INSTRUCTIONS TO FOLLOW:
The finished copy must match the records exactly, except that it contains no pictures.

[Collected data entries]
-.-.-

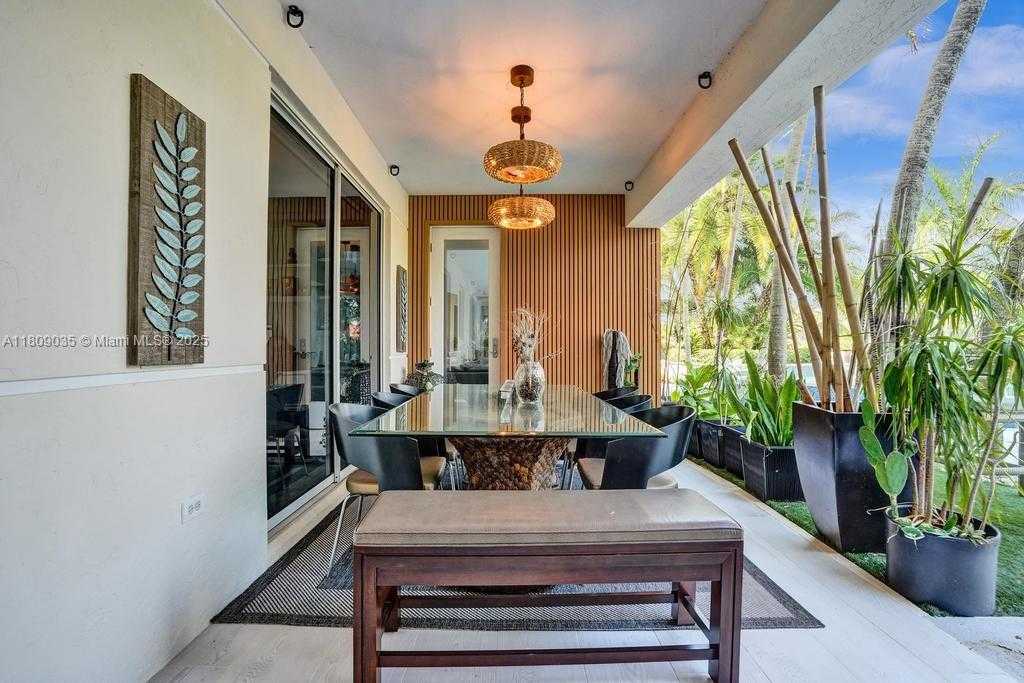 Small Image of 8580 EGRET LAKES LN, West Palm Beach Number 48
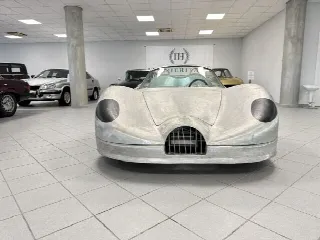 Foto 3 di 30: BIZZARRINI Roma  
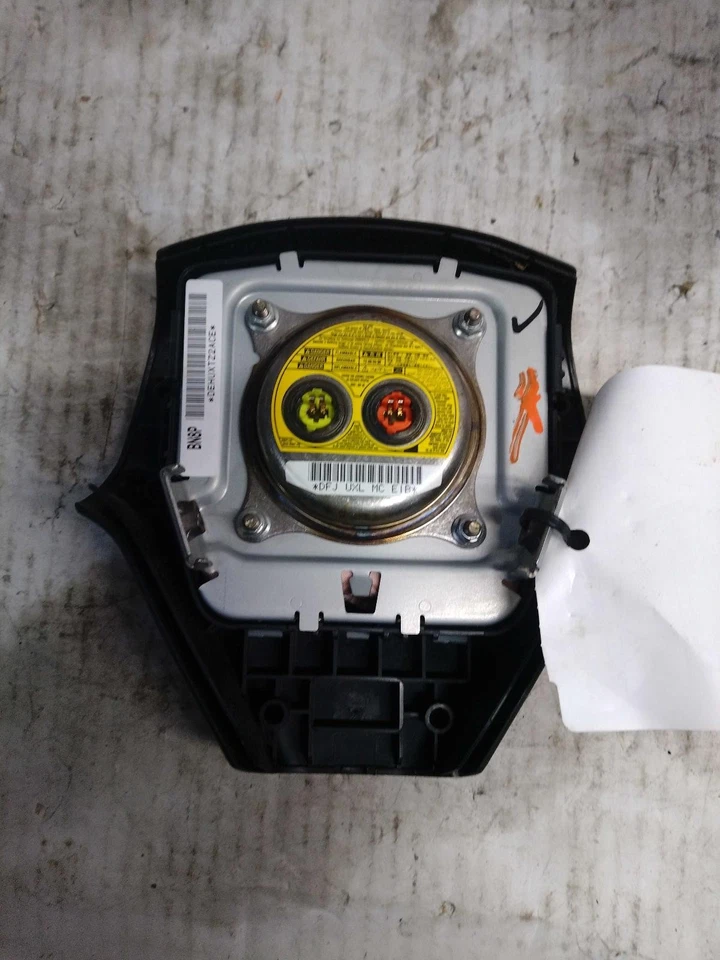 2008 MAZDA 3 Steering Wheel Air Bag OEM Silver Used BN8P57K00 195K Miles — 第 2/4 张图片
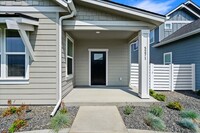 5349 E Dorado Ave in Post Falls, ID - Foto de edificio - Building Photo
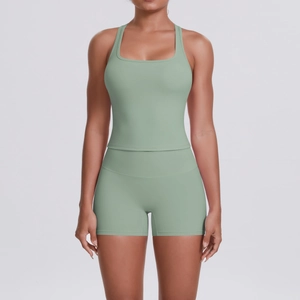Détail d'un ensemble de yoga vert sauge avec débardeur à col carré et short taille haute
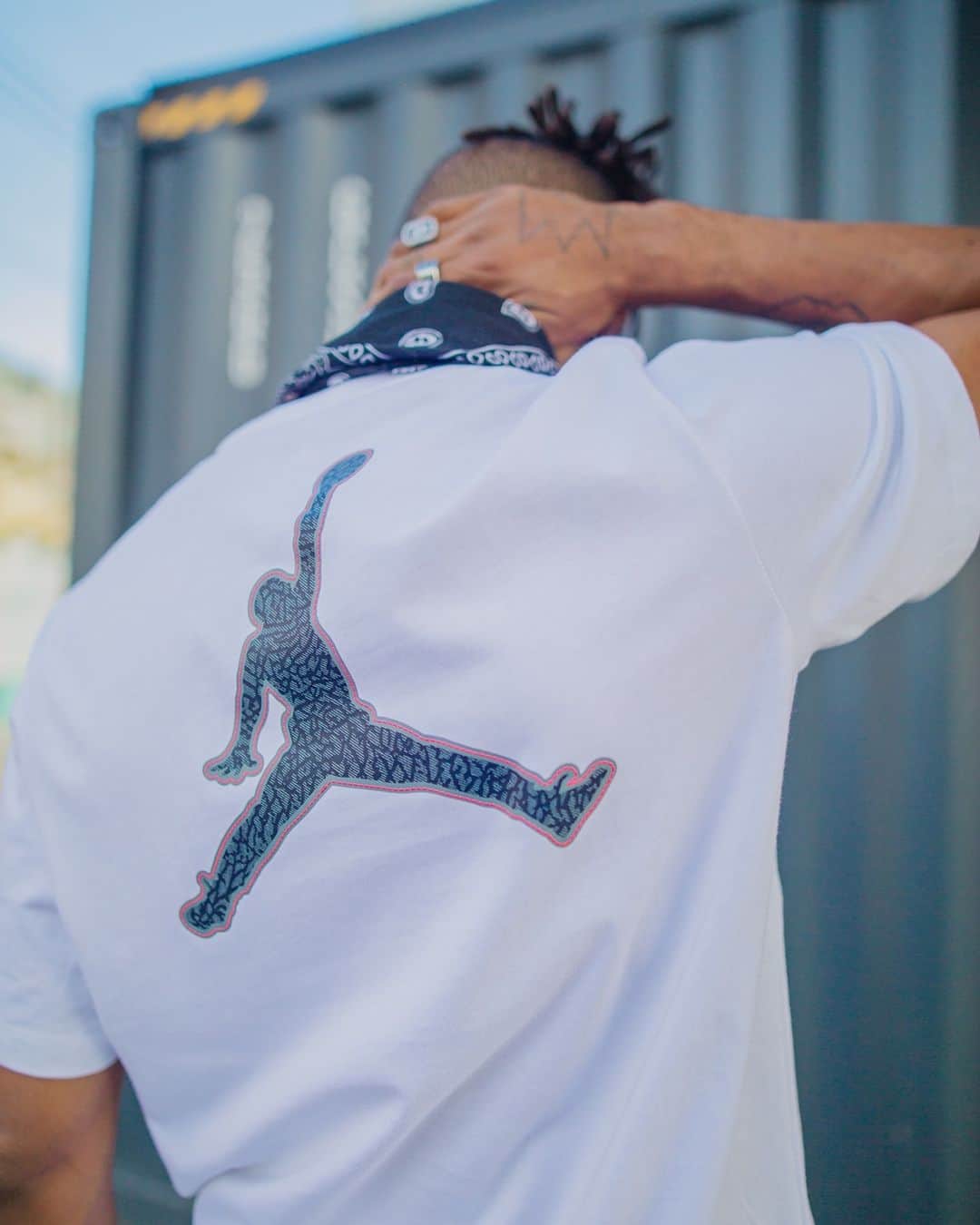Foot Lockerさんのインスタグラム写真 - (Foot LockerInstagram)「Pardon my back. Cop the #jordan Jumpman Legacy T-shirt .」10月28日 4時00分 - footlocker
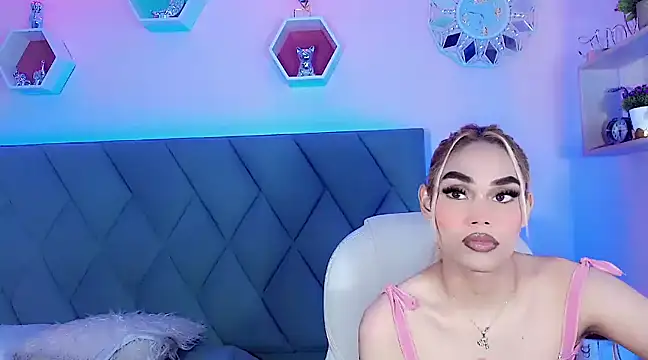 Hallyhott online show from December 2, 6:43 pm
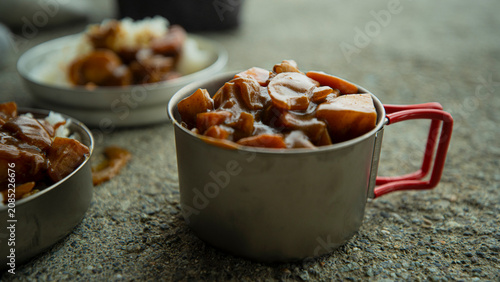 Photos 登山用カップに盛られたカレーライス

-.-.-

YOUR SOLUTION:
 Small Image of 8580 EGRET LAKES LN, West Palm Beach Number 48
 Foto 3 di 30: BIZZARRINI Roma  
 2008 MAZDA 3 Steering Wheel Air Bag OEM Silver Used BN8P57K00 195K Miles — 第 2/4 张图片
 5349 E Dorado Ave in Post Falls, ID - Foto de edificio - Building Photo
Détail d'un ensemble de yoga vert sauge avec débardeur à col carré et short taille haute
Foot Lockerさんのインスタグラム写真 - (Foot LockerInstagram)「Pardon my back. Cop the #jordan Jumpman Legacy T-shirt .」10月28日 4時00分 - footlocker
 Hallyhott online show from December 2, 6:43 pm
 Photos 登山用カップに盛られたカレーライス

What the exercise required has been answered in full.